Have you ever been a part of a group that was about to embark on a task or a journey and everyone seems to be standing around talking and nothing seems to be happening?
Suddenly, somebody asks, “Hey, what are we waiting for?”
(For the grammar nazis out there, I am indeed aware of that horrid preposition dangling there. However, you know as well as I do that it is tragically rare that someone would ask, instead, “For what are we waiting?”)
Everyone looks around to try to find an answer to that question.
It seems to me that followers of Jesus sometimes lose sight of the answer to that question.
Seriously… what IS it that we are waiting to see? What ARE we waiting for?
Paul referred to it in his letter to his Thessalonian pupils as he was celebrating their living faith:
“For they themselves report concerning us the kind of reception we had among you, and how you turned to God from idols to serve the living and true God, and to wait for His Son from heaven, whom he raised from the dead, Jesus who delivers us from the wrath to come” (1 Thess 1.9-10)
The Apostle is making reference to the faith of these believers that seems to be spreading like wildfire in their part of the world because of its richness and genuineness. He and his team had been hearing from others about how these good folks had been so receptive to the message that had been brought and planted within them.
He pointed out the change in perspective that had taken place in them. They had turned “from idols to serve the living and true God.” They had, in essence, turned from an empty religion to a life-giving relationship with God.
But mere service to God was not all that they had embraced.
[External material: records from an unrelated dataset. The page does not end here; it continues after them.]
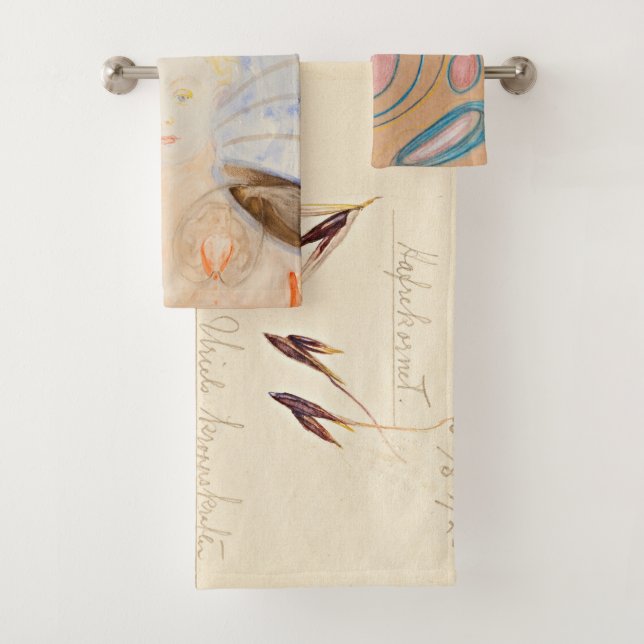 Oats, 1920 by Hilma af Klint  Bath Towel Set (Insitu)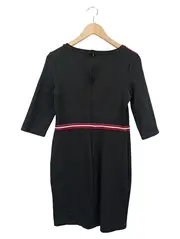 Vorschaubild 2 von Damen Etuikleid Gr. 36/S Schwarz Klassisch Elegant Business Streifen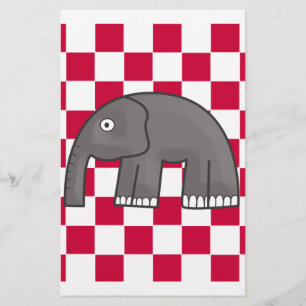 elephant stationery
They turned “to wait for his Son from heaven.” Did you catch that?
Paul reminded them that they were not merely serving God, but they were waiting for something. Well, that’s not entirely accurate. They were waiting for someone. They were waiting for Jesus to return.
Jesus, according to the apostle’s teaching, will return. He will return.
How do we know? He promised. And the sign of his promise, the very fact that he was raised from the dead, assures us that he is coming back to do the very same for us. Every person that has died physically who had been born spiritually, will be, like Jesus himself, raised to an utterly indestructible, incorruptible, imperishable, eternally spiritual, physical, and emotional life.
Because he rose from the dead, he will come and raise us—and deliver every believer in Jesus, both physically living and dead, from the wrath to come.
We wait for Jesus to do what He promised. We wait for this blessed hope. We wait.
What are we waiting for?
We wait for things to be put back the way they were meant to be before our sin wrecked the world. We wait for the arrival of the reality to which our faith has pointed us all along. We wait for the shout of the archangel and the trumpet to sound and the joyous moment of meeting Jesus in the sky.
But for now, we work and we grow and we live and we love and we endure and we groan with the weight of the brokenness of sin.
And we wait.
What are we waiting for?
Jesus. We’re waiting for Jesus.
Father, grant us the grace to wait patiently, hopefully, but diligently for the fulfillment of your promises. Even so, come quickly, Lord Jesus!